GR3D_FREQ 0%@921 seems low?

I’m using an app based on deepstream-test3 with 4 test rtsp camera sources at 1080p. pgie interval is set to 4.

I notice that tegrastats reports the GR3D_FREG values very low… Generally at 0%@921 and occasionally 5 or 6% and rarely it might jump to 60% or even 99% but mainly seems to report 0%.

Is this right? I thought that running 4 streams batched through the nvinfer element would really heat up the GPU.?!?

Pls refer https://docs.nvidia.com/metropolis/deepstream/dev-guide/index.html#page/DeepStream%2520Development%2520Guide%2Fdeepstream_performance.html%23wwpID0E5HA and https://docs.nvidia.com/jetson/l4t/index.html#page/Tegra%2520Linux%2520Driver%2520Package%2520Development%2520Guide%2FAppendixTegraStats.html

HI
Which platform are you using? Here is performance for both DGPU and tegra device, you can find the data there.
https://docs.nvidia.com/metropolis/deepstream/dev-guide/index.html#page/DeepStream%2520Development%2520Guide%2Fdeepstream_performance.html%23wwpID0EQHA

I have referred to both of those links and read them already however they do not explain anything about typical use value and what I should expect to see.

I have already run these all the time:

$ sudo nvpmodel -m 0
$ sudo jetson_clocks

Is 921 a typical frequency because I have seen other (old) posts where people are stating value over 1100.

Is it normal to see such low GPU usage percentages.

My pipeline is:

rtsp --|
rtsp --|-- decodebin (using nvv4l2h265dec) – streammux – pgie (interval 4) – tracker – streamdemux --|
rtsp --|
rtsp --|

After the streamdemux I have 4 tee’s with fakesinks linked (one for each corresponding source). Then I dynamically add other elements when a pgie detection is found in the meta.

So when I run this pipeline without any detections - so its all just streaming to fakesinks - I would still expect the gpu to be under load as we are inferencing on 4 streams continusouly… Buut mostly I just see a GR3D value of 0%. Occasionally I’ll see 60 and maybe once every 3 or 4 mins I’ll see 99.

Can you please provide some guidance on these number and what we should typically expect.

If I’m seeing low CPU and low GR3D values does that mean I should be increasing the number of surfaces used by the decoder (in the decodebin).

btw. My app is base don deepstream-test3.
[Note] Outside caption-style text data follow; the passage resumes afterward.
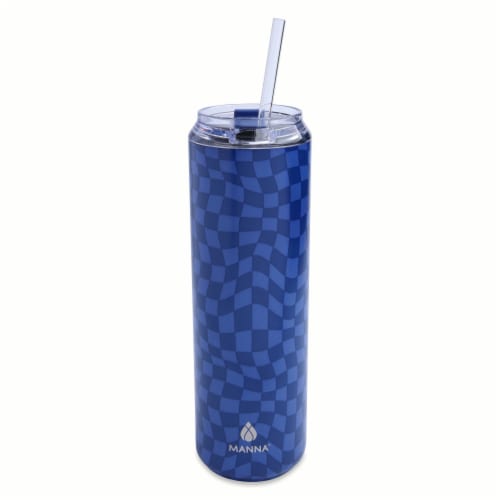 Manna™ Checker Tallboy™ Tumbler - Blue Perspective: back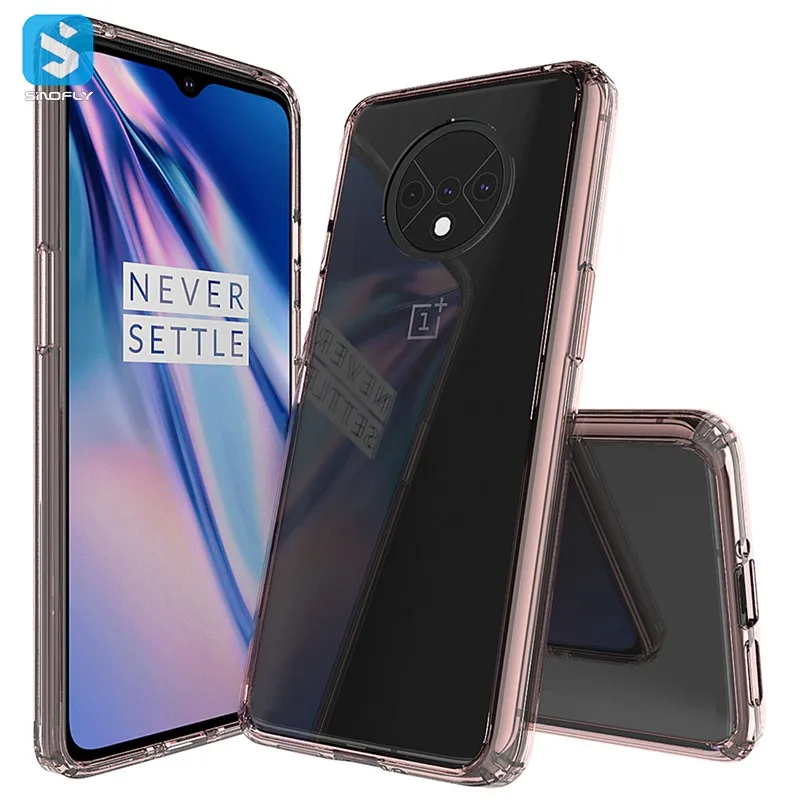 Гибридный акриловый бампер жесткая задняя крышка Прозрачный ударопрочный чехол для Oneplus 7T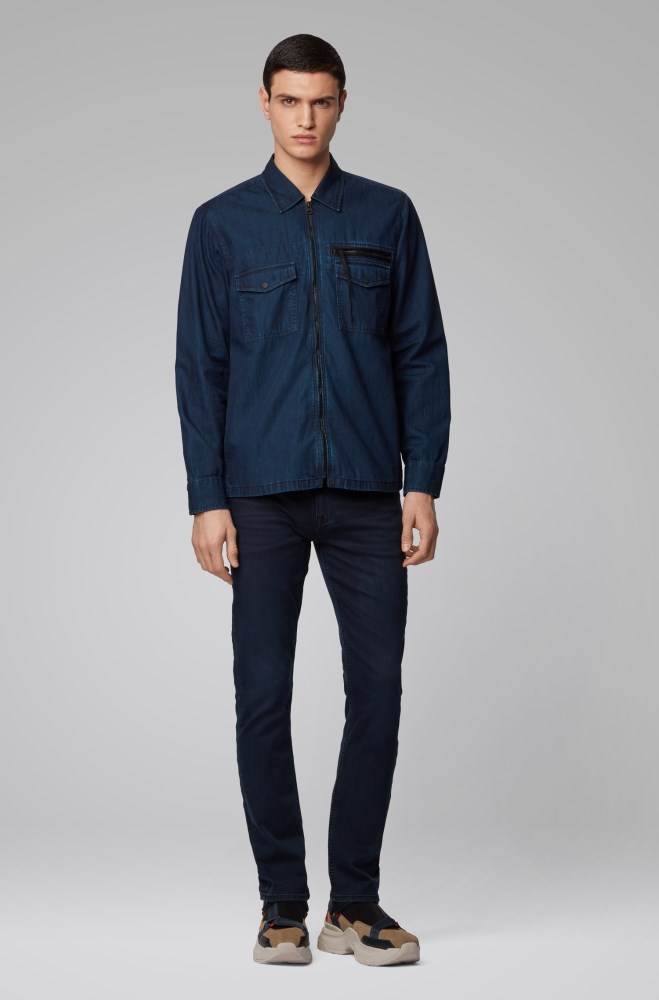 Hugo Boss Oversized-fit denim shirt Mørke Blå | LZbV3EFk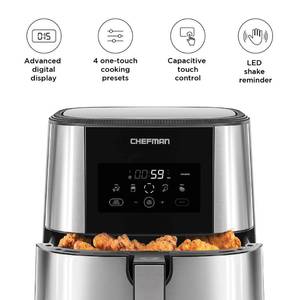 lot 182 image: Chefman TurboFry Touch 8-Qt. Digital Air Fryer with Shake Reminder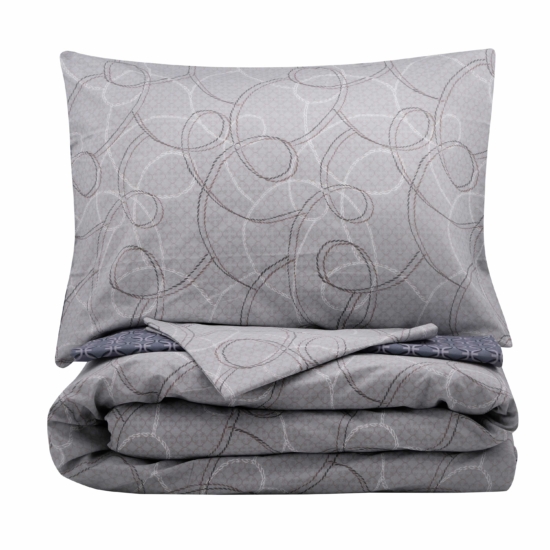 ARDESTO Bedding set 2.0 Gloria, sateen, geometry, grey-blue, duvet cover 200x220cm, bed sheet 230x240cm, pillowcases (2) 50x70cm, 100% cotton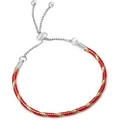 Adjustable snake chain bracelet with red and gold spiral woven metal threads - 16cm / Red & Gold Spiral Snake Chain - Silver Adjustable Clasp (47)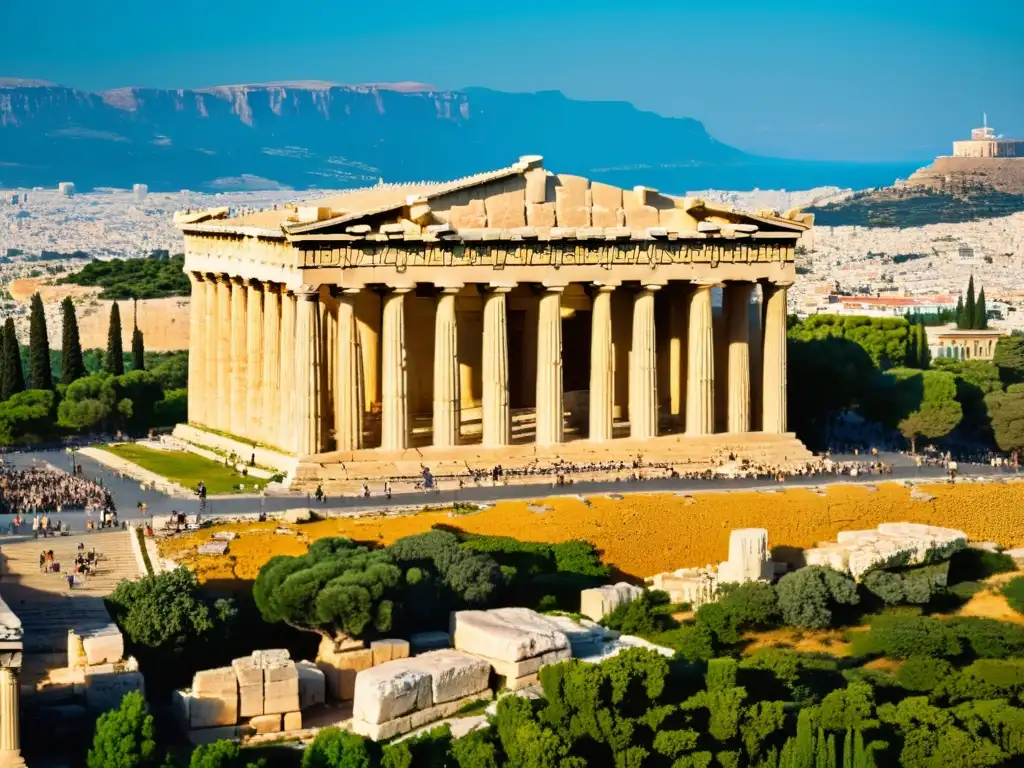 El majestuoso Partenón en la Acrópolis de Atenas: una imagen impresionante La majestuosa Acrópolis de Atenas, símbolo de la filosofía occidental, bañada por la cálida luz dorada, con la moderna ciudad en el fondo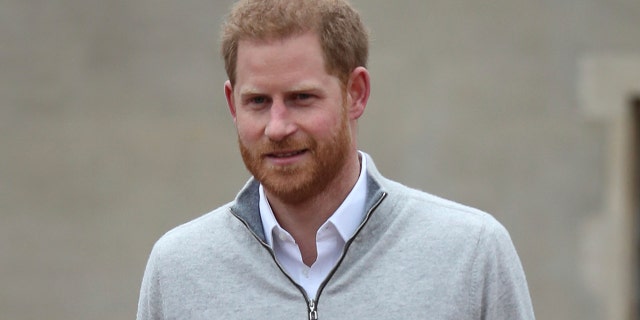 Britain's Prince Harry speaks to the media at Windsor Castle, Windsor, England, Monday May 6, 2019, after his wife Meghan, the Duchess of Sussex gave birth to a baby boy. It is the first child for Harry and Meghan, who married a year ago. (Steve Parsons/Pool via AP)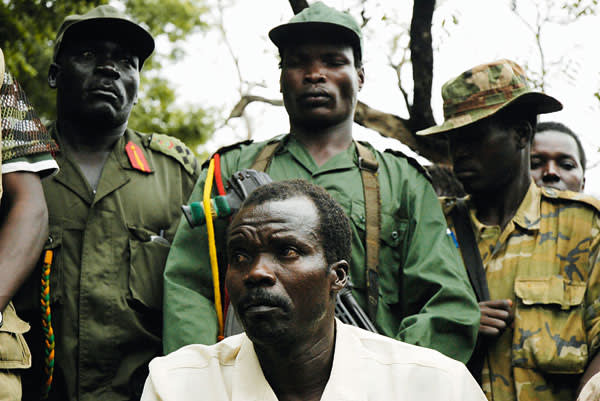 Joseph Kony prepares to take questions from journalists at his first press conference on August 1, 2006, Southern Sudan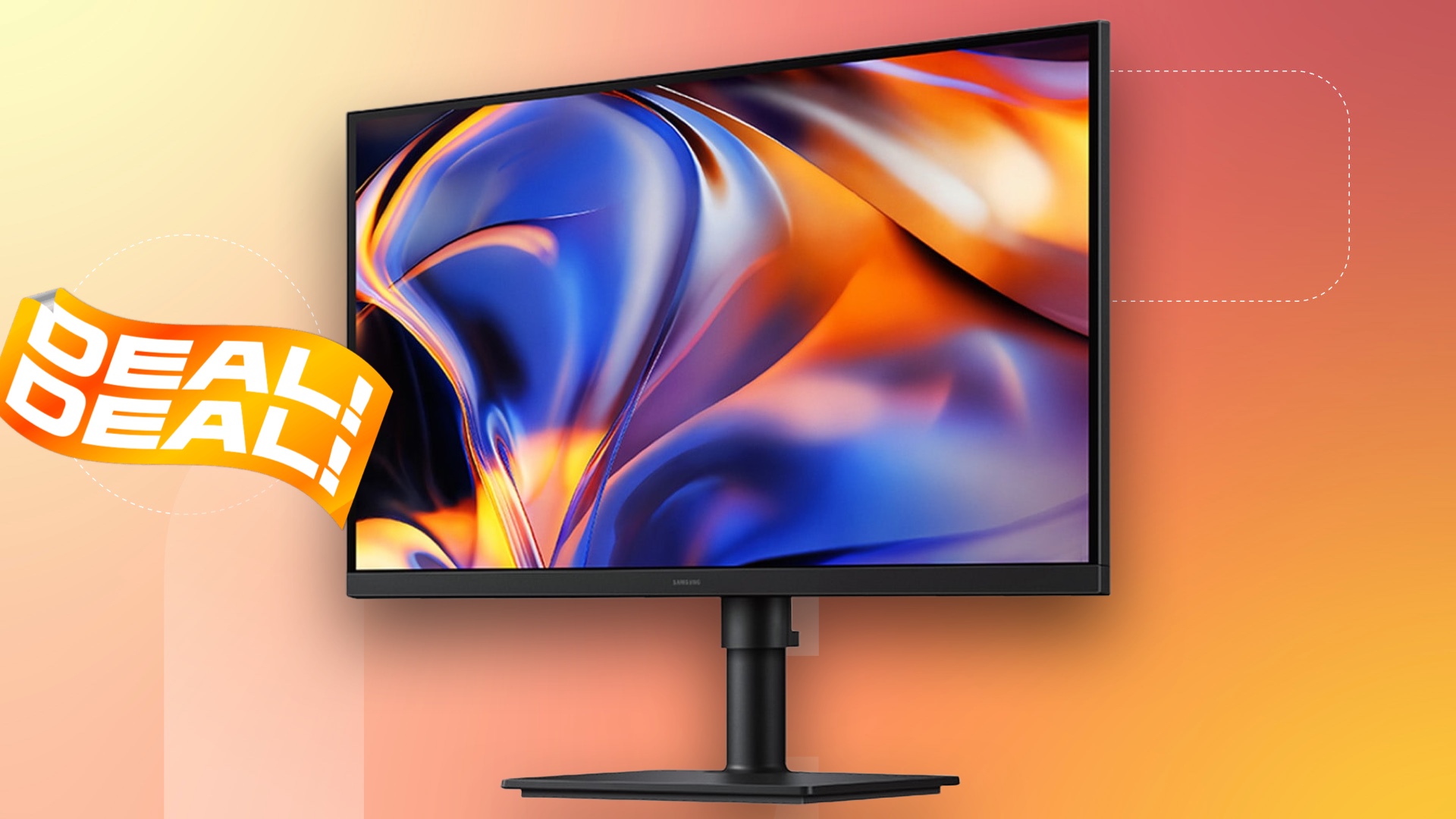 Samsung's 27-inch ViewFinity S8 5K monitor on display against an orange gradient CNET commerce background. There's also an orange sticker with the word "deal."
Something else I’m interested to know is - the model engine file… I reuse an already generated one so that I don’t have to wait a couple of minutes while it generates every time - is this a bad practice? I’m wondering if that model engine file would be different depending on the batch size I specify? But I don’t know the batch size till runtime…

Forgot to mention I am using Jetson Nano.

Is 921 a typical frequency because I have seen other (old) posts where people are stating value over 1100.

Is it normal to see such low GPU usage percentages.

My pipeline is:

rtsp --|
rtsp --|-- decodebin (using nvv4l2h265dec) – streammux – pgie (interval 4) – tracker – streamdemux --|
rtsp --|
rtsp --|

After the streamdemux I have 4 tee’s with fakesinks linked (one for each corresponding source). Then I dynamically add other elements when a pgie detection is found in the meta.

So when I run this pipeline without any detections - so its all just streaming to fakesinks - I would still expect the gpu to be under load as we are inferencing on 4 streams continusouly… Buut mostly I just see a GR3D value of 0%. Occasionally I’ll see 60 and maybe once every 3 or 4 mins I’ll see 99.

Can you please provide some guidance on these number and what we should typically expect.

[from amycao]
Inference take GPU resource, so when your loading is low, low GPU usage is expected, in your case, interval
is 4, so inference will do when every 4 frame, other 3 frame will do nothing inference, so low GPU loading
is expected.

If I’m seeing low CPU and low GR3D values does that mean I should be increasing the number of surfaces used by the decoder (in the decodebin).

btw. My app is base don deepstream-test3.

[from amycao]
You do not need to increase surface number, you can set pgie interval to lower value like 0 or 1, let gie do
inferencing every frame or every 2 frames.

Something else I’m interested to know is - the model engine file… I reuse an already generated one so that I don’t have to wait a couple of minutes while it generates every time - is this a bad practice? I’m wondering if that model engine file would be different depending on the batch size I specify? But I don’t know the batch size till runtime…

[from amycao]
but in your pipeline, you have 4 rtsp streams?

Thanks @amycao that is helpful.

My last question before closing this thread is the GPU frequency - is 921 an expected value (after running (jetson_clocks)?

Thanks @amycao that is helpful.

My last question before closing this thread is the GPU frequency - is 921 an expected value (after running (jetson_clocks)?

[from amycao]
yes, maxn for GPU frequency on NANO is 921Mhz.